Development and Deployment of Audit Large Language Model
Dec 2024 ~ Apr 2025
AITA and Henan Provincial Audit Department, Henan, China
The primary objective of this project is to design, fine-tune and deploy a secure, internally-facing Audit Large Language Model (ALLM) to empower auditors at Henan Provincial Audit Department. Built atop Qwen foundation model, our ALLM need deliver intelligent support for audit Q&A, regulatory compliance and table-data analysis, improving audit efficiency and accuracy. In this project, I worked with Lutong Zhang and Haonan Zhang to finish the following tasks:
- Data Collection: Aggregating amounts of audit documentation, historical audit reports, government financial regulations (national and provincial level), accounting standards (e.g., Chinese GAAP), policy directives, compliance manuals, and best practice guidelines.
- Data Processing: Implementing data processing pipelines for heterogeneous audit sources, including: text extraction that applies PaddleOCR with regex-based digit correction for scanned documents, pdfplumber for layout-aware PDF, python-docx for DOCX files; spaCy + FinBERT for entity normalization of regulations/financial terms; DeepSeek-V2 classification for document categorization and UIE model for sensitivity tagging; LayoutLMv3 for context-aware semantic segmentation to preserve audit logic.
- Knowledge Vectorization: Utilizing BGE-M3 to transform textual knowledge into high-dimensional vectors indexed into Milvus with metadata filters, enabling efficient semantic search and retrieval.

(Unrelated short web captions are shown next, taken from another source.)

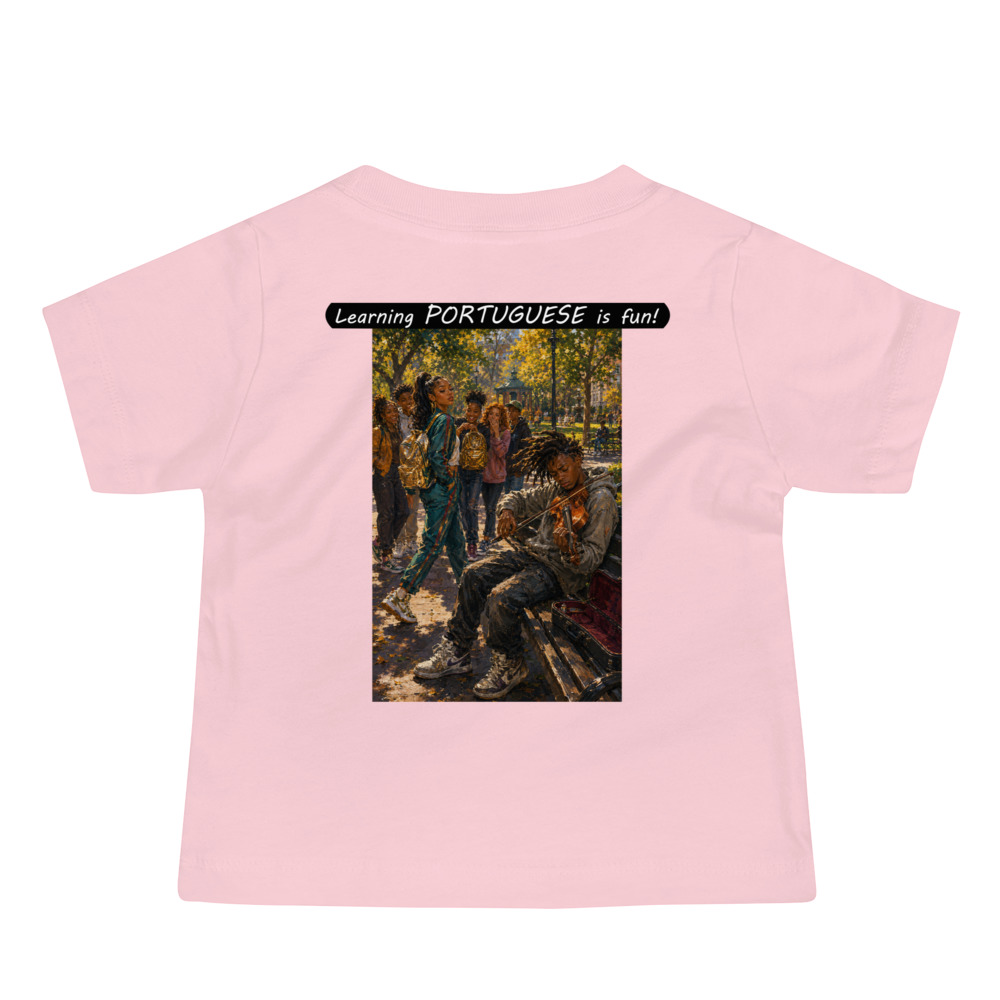 Baby Jersey Short Sleeve Tee - Learning PORTUGUESE is fun! - The Spotlight - Image 6
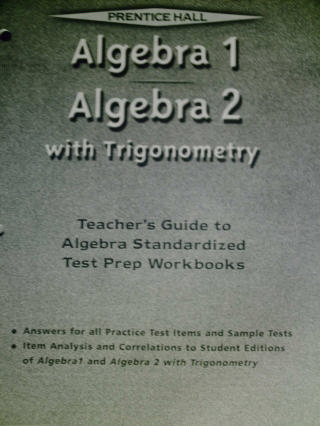 (image for) Algebra Standardized Test Prep Workbooks TG (TE)(P)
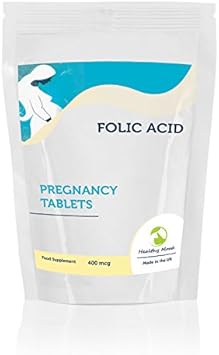 Folic Acid B9 400Mcg Pregnancy 7 Sample Pack Vitamin B9 Tablets Pills Quality Products Nutrition Health Food Supplements Healthy Mood Uk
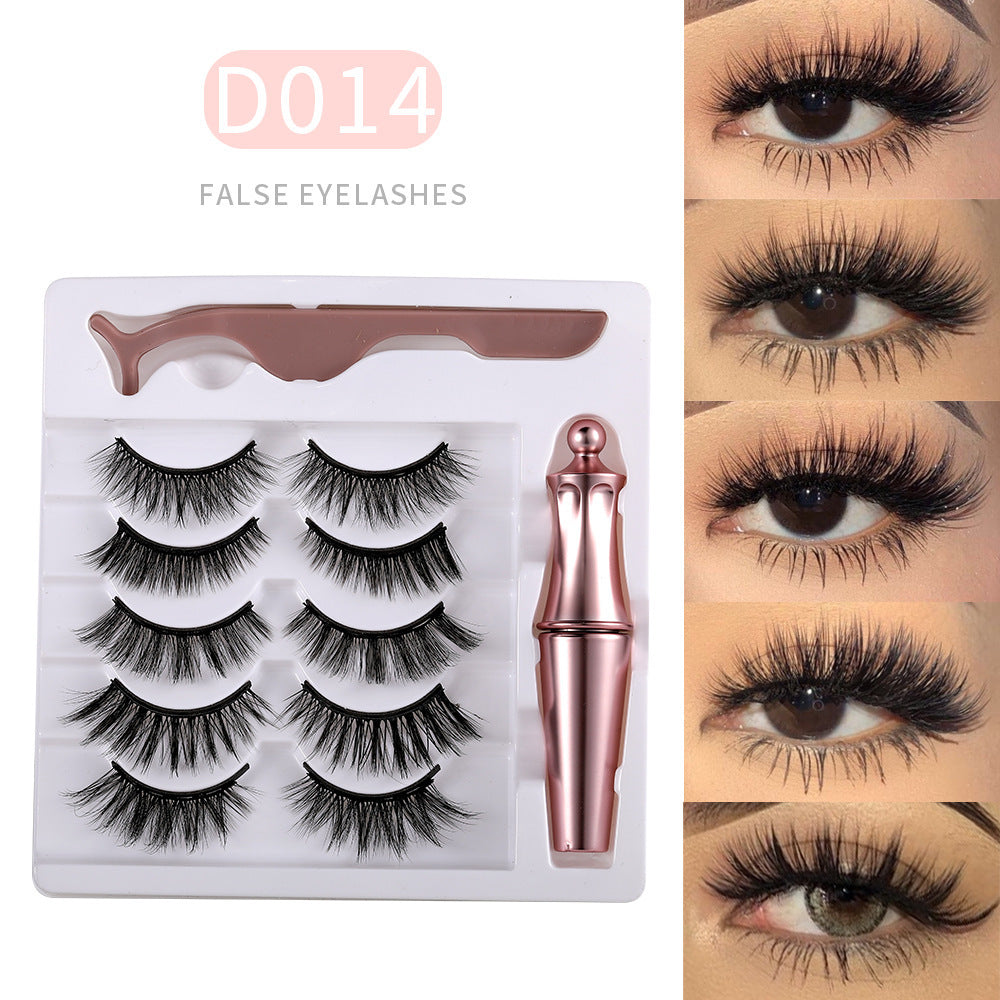Magnetic Mink Lashes – 5 Pairs for Effortless Glam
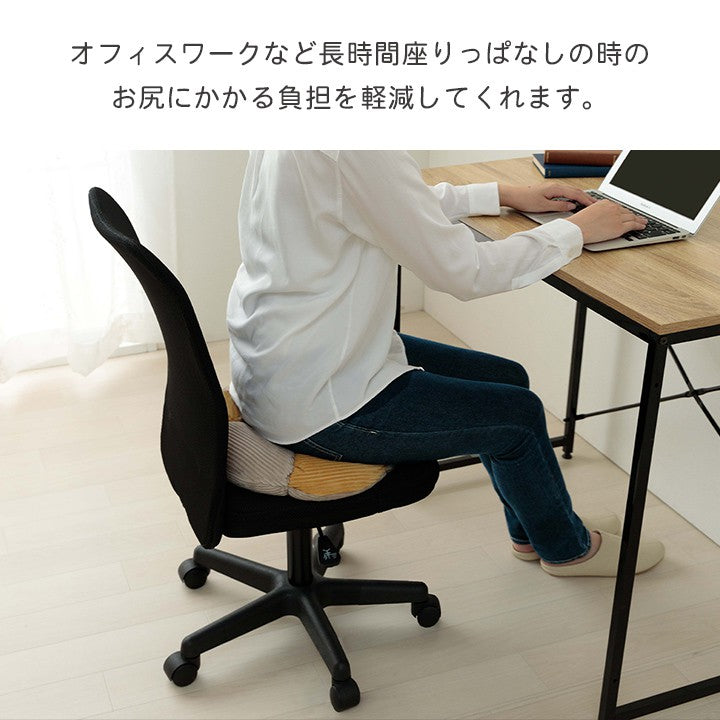 座布団椅子用クッションチェアパッド丸円座極厚おしゃれ椅子日本製シートクッション車厚手円座クッション痔産後妊婦いす用40cmコーデュロイ調北欧夏用夏座席腰痛椅子用クッションチェアかわいい軽自動車腰後部座席後席パッドシート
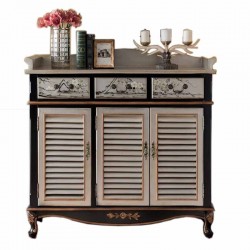  Coffe corner with drawers of luxurious wood,   elegant and attractive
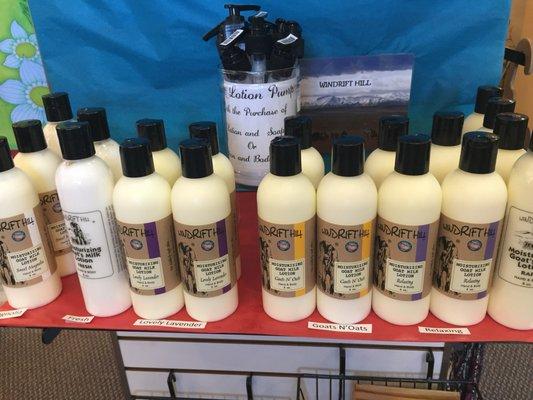 WinDrift Hill Goats Milk Lotions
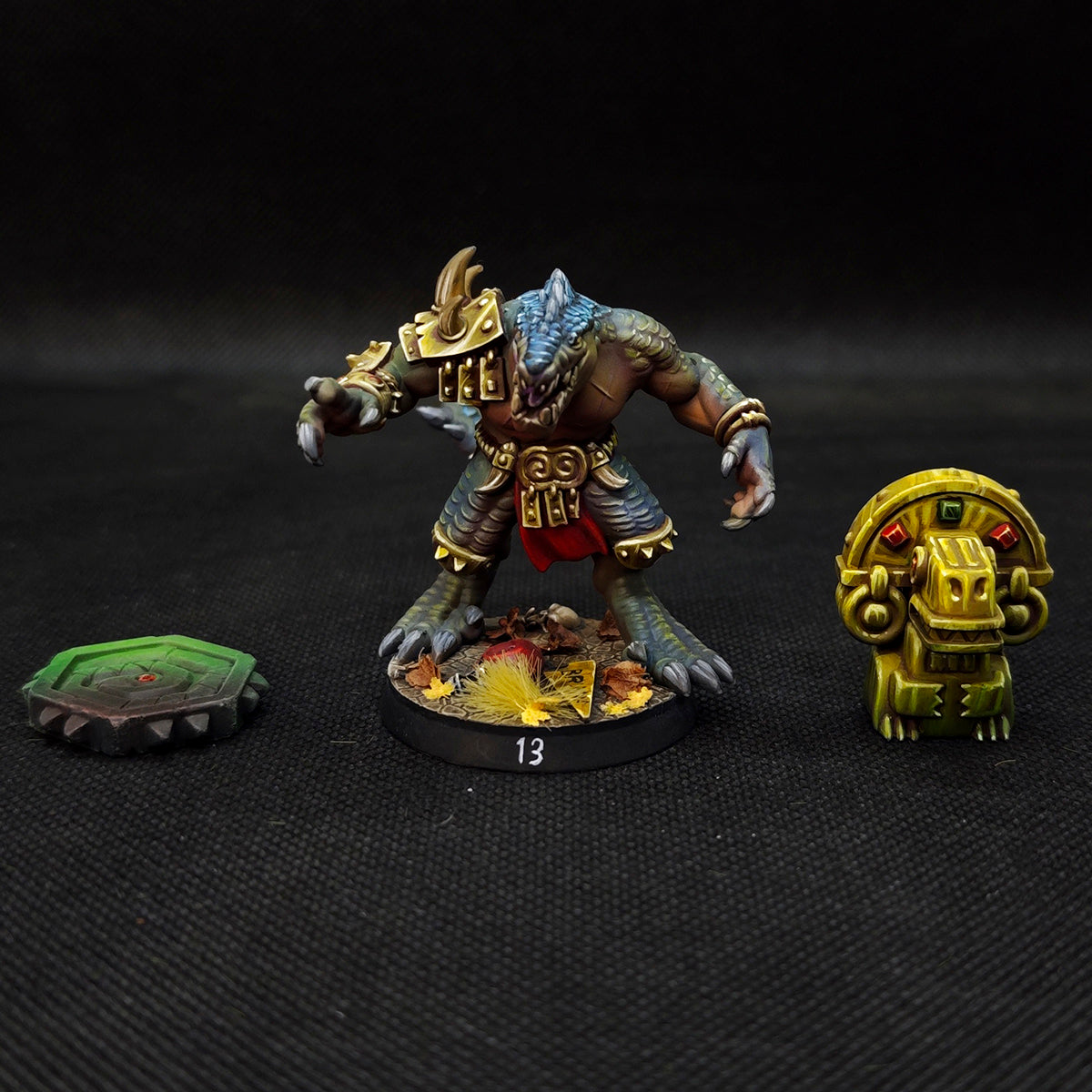 Southern Lizardmen Team for Fantasy Football Miniature Tabletop Game Txarli Factory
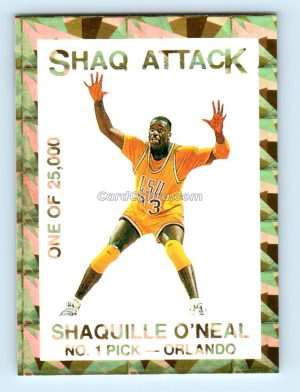 1992 Shaq Attack #2 Shaquille O'Neal /25000 Promo LSU Tigers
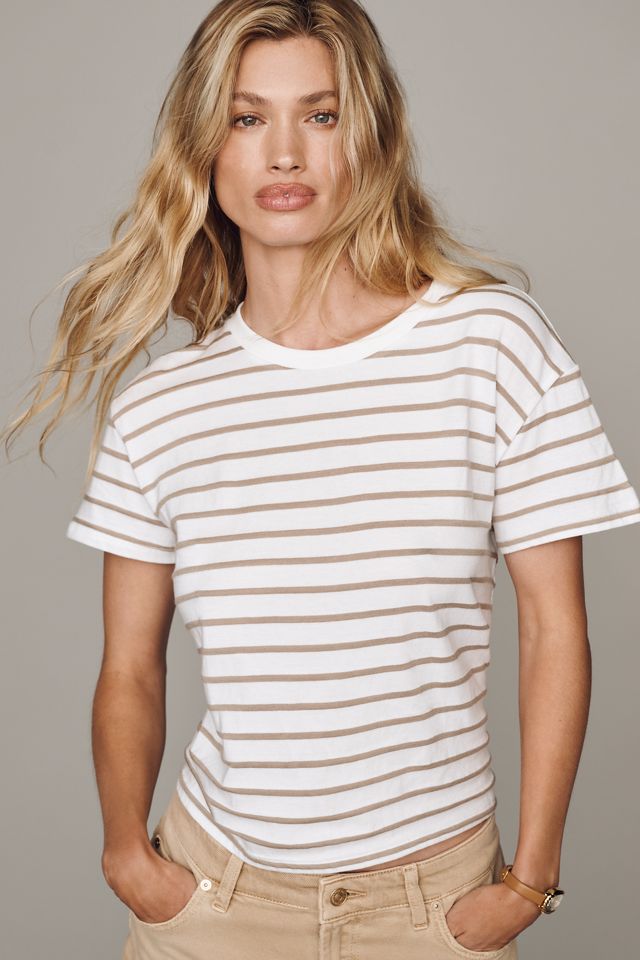 perfectwhitetee Stripe Boxy Tee #3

- Synthetic QA Generation: Using Qwen-72B-Chat to produce question-answer pairs reflecting common audit scenarios, enriching our fine-tuning dataset.
- Expert Annotation: Collaborating with senior auditors to annotate real audit cases, identifying key entities, risks, compliance issues, and generating relevant queries/responses.
- Instruction Tuning: Formulating diverse instructions covering typical audit tasks (e.g., "Identify potential fraud indicators in this transaction log," "Explain the relevant regulation for expense X," "Summarize the key findings from report Y").